Se Poetarum Silva fosse un film sarebbe Strade Perdute – Lost Highway di David Lynch. Un noir moderno, costruito perfettamente sull’inconscio dei personaggi. Esattamente come chi scrive su Poetarum.
Se conoscete questo classico di Lynch, e provate a ripensare alla trama, (ma ce l’ha davvero una trama?), potreste chiedervi quale sia il nesso. Nessuno, se non gli intenti, le atmosfere, la mente.
Ci piace il mood, abbiamo accolto testi di persone che dicevano di venire da un luogo non pervenuto, forse alieno. Ci fidiamo, non tracciamo confini.
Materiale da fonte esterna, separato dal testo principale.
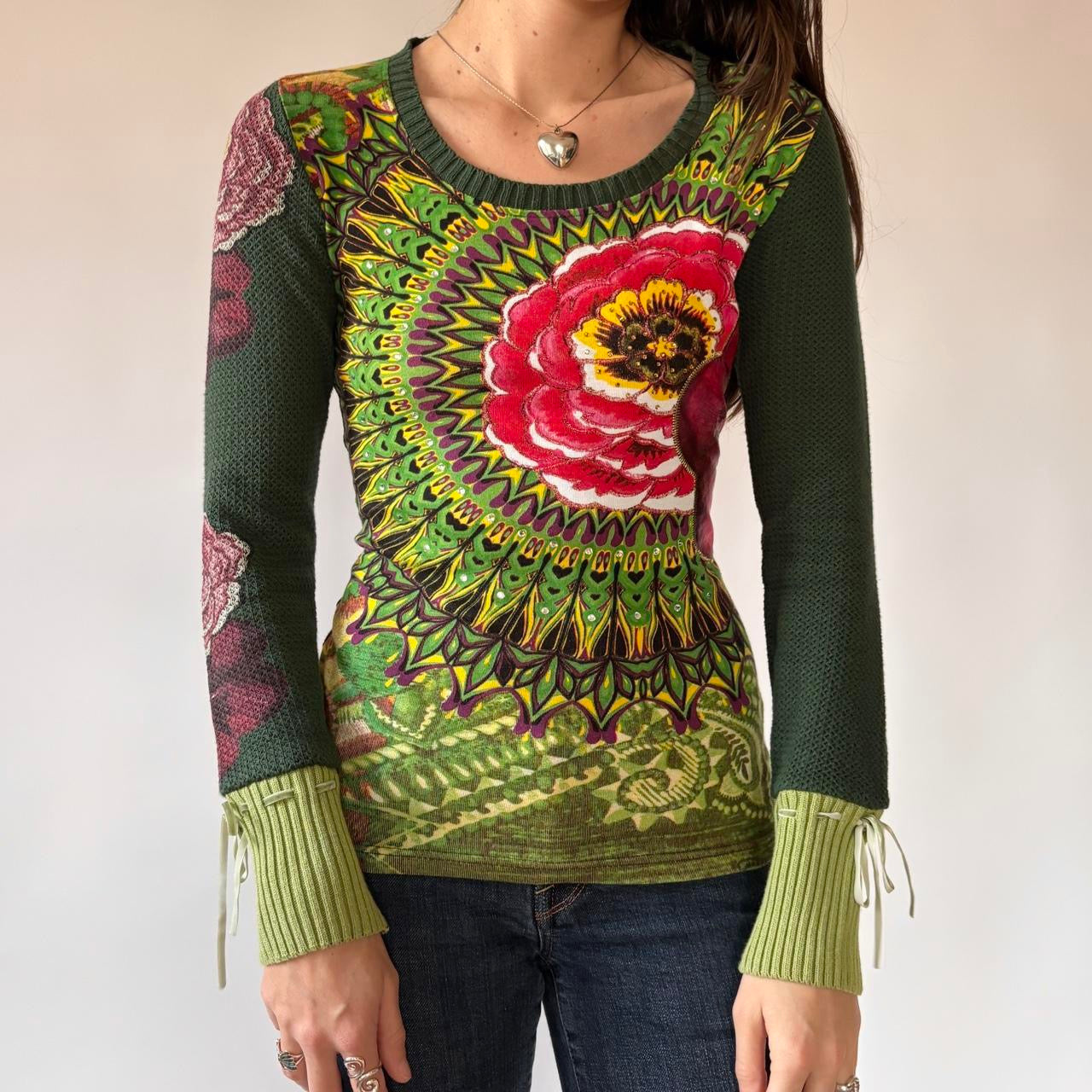 Desigual Graphic Longsleeve Top (S)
Come la scena della telefonata durante il party.
Le parole, su Poetarum Silva, come le immagini che Fred Madison, il protagonista fuori di senno, crede di vedere, sono come scatole cinesi, tutto è una vertigine del pensiero, tutto è surreale.
Ogni vicenda ha più versioni, più verità, più bugie, più io, le narrazioni sono doppie, non c’è un filone, c’è l’estro. Uno spazio etereo fra realtà e immaginazione (lì vale tutto per noi).
Ci sono storie, poesie, racconti, critiche, autrici e autori che non vivono di un’unica interpretazione.
Che non la vogliono e non la cercano, un’unica interpretazione. Esattamente come Lynch nella sua pellicola.
Notare bene: nessuno fa la fine Renée qui, ma sappiamo perfettamente che la scrittura può essere fatale come Alice, fatale come un’arma, come un killer, come l’ego. Nessuna censura.
E quindi? Chissà. Un po’ come il finale senza un vero finale di Lost Highway.